If you can explain the following clearly, you already sound much stronger than someone who only knows how to ask for JSON.

What is structured output?

Structured output is using an LLM to return machine-readable data that follows a defined schema so downstream code can process it safely.


Why is validation necessary even with function calling?

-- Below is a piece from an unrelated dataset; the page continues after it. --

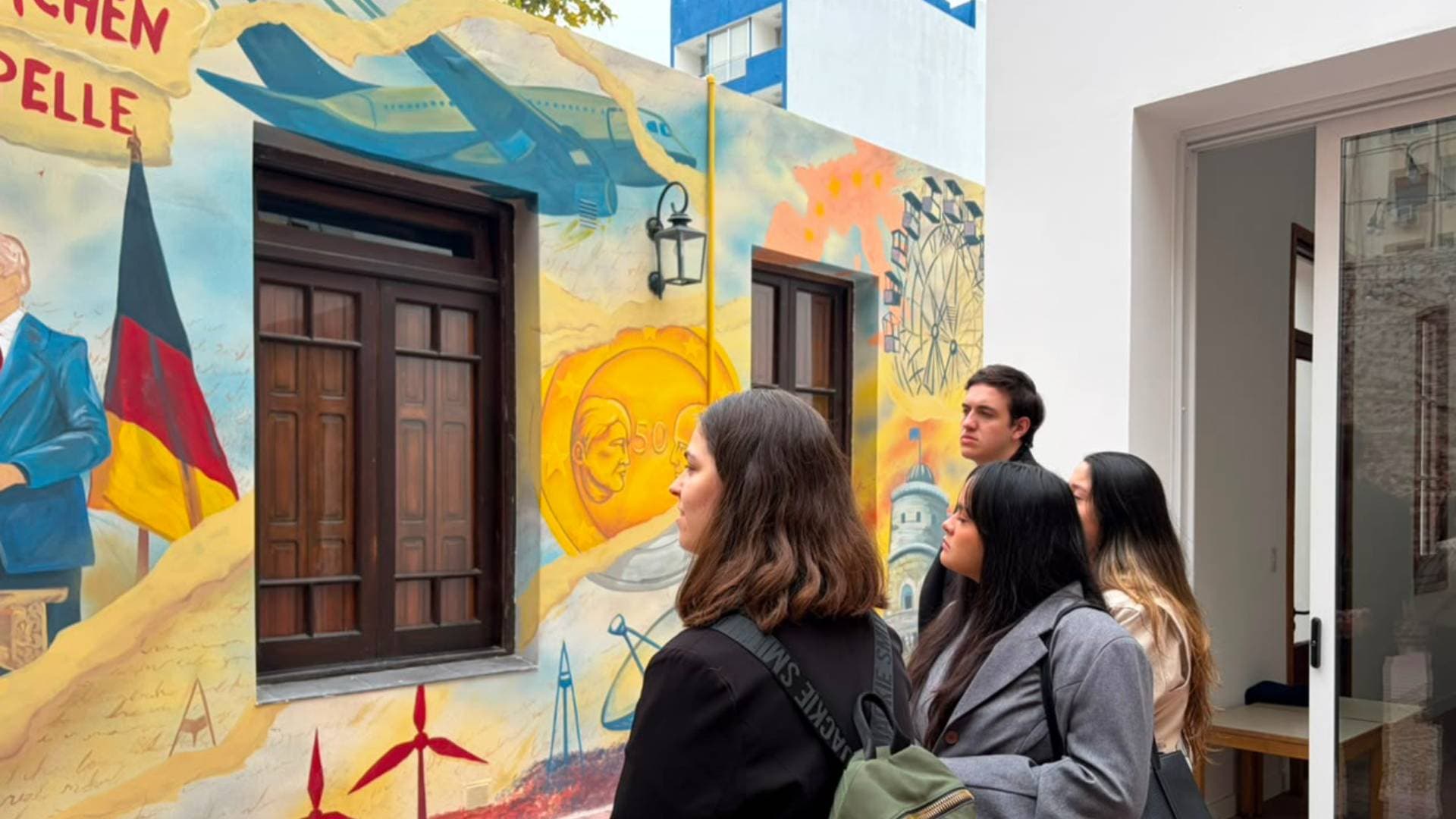 Estudiantes observan un mural en un pasillo interior de la universidad.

Because function calling improves format compliance, but it does not guarantee factual correctness, semantic consistency, or business-rule correctness.


What is a validation failure?

A validation failure is any case where the model output cannot be safely accepted, including syntax errors, schema mismatches, semantic contradictions, and business-rule violations.


How do you handle validation failure in production?

I use a layered approach:

  1. reduce failure with a clear schema and constrained prompting
  2. validate syntax and schema
  3. run semantic and business checks
  4. retry with explicit validation feedback
  5. use repair or fallback if needed
  6. fail closed for high-risk workflows

When should defaults be avoided?

Defaults should be avoided when they change business meaning or hide missing critical information.


Final Takeaways

  • Structured output is not just "ask for JSON".
  • JSON validity is weaker than schema validity.
  • Schema validity is weaker than semantic validity.
  • Semantic validity is weaker than business validity.
  • The hardest part is not generation. It is safe recovery when validation fails.

If you remember one production rule, remember this:

Never let an LLM output cross a system boundary without validation.